§ WHAT YOU HAVE TO DO
Retype the listing exactly as it stands, and keep every image out.

*** SOURCE DATA Section Begins ***

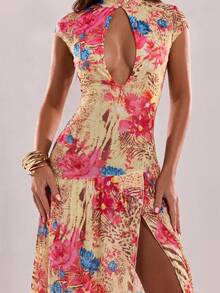 SHEIN BAE Women's Floral Print Hollow Out Design Side Slit Hem Sexy Cap Sleeve Dress - Yellow - View 5
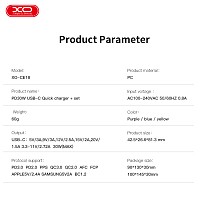 XO CE18 Φορτιστής Γρήγορης Φόρτισης EU 30W USB-C Με Type-C Καλώδιο (NB260) Μωβ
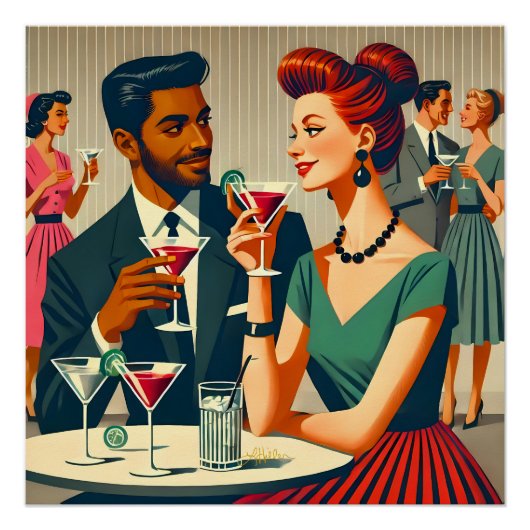 Mid Century Cocktail Party Couples - First Date Perfect Poster (Voorkant)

*** SOURCE DATA Section Ends ***

§ SOLUTION TO THIS EXERCISE
 SHEIN BAE Women's Floral Print Hollow Out Design Side Slit Hem Sexy Cap Sleeve Dress - Yellow - View 5
 XO CE18 Φορτιστής Γρήγορης Φόρτισης EU 30W USB-C Με Type-C Καλώδιο (NB260) Μωβ
 Mid Century Cocktail Party Couples - First Date Perfect Poster (Voorkant)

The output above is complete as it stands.